ACTIVITY: Collect from the data below each line with "Hotel".

MATERIAL PROVIDED:
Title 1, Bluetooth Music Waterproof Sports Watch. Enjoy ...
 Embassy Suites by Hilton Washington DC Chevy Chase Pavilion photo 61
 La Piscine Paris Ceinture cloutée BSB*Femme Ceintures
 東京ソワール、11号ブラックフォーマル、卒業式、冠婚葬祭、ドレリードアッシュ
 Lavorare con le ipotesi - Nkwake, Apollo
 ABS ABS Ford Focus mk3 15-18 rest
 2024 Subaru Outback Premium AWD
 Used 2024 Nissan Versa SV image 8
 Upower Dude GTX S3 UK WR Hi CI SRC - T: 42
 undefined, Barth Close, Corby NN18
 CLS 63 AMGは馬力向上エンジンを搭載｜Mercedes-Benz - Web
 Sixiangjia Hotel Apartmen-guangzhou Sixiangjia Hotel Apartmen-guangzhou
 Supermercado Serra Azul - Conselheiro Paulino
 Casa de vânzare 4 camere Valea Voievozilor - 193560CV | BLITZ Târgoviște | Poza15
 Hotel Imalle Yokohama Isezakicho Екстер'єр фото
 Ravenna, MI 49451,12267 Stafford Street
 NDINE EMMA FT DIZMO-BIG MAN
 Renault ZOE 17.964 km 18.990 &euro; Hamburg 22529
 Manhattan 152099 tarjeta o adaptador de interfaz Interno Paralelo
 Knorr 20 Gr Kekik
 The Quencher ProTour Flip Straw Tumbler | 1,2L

EXERCISE SOLUTION:
 Sixiangjia Hotel Apartmen-guangzhou Sixiangjia Hotel Apartmen-guangzhou
 Hotel Imalle Yokohama Isezakicho Екстер'єр фото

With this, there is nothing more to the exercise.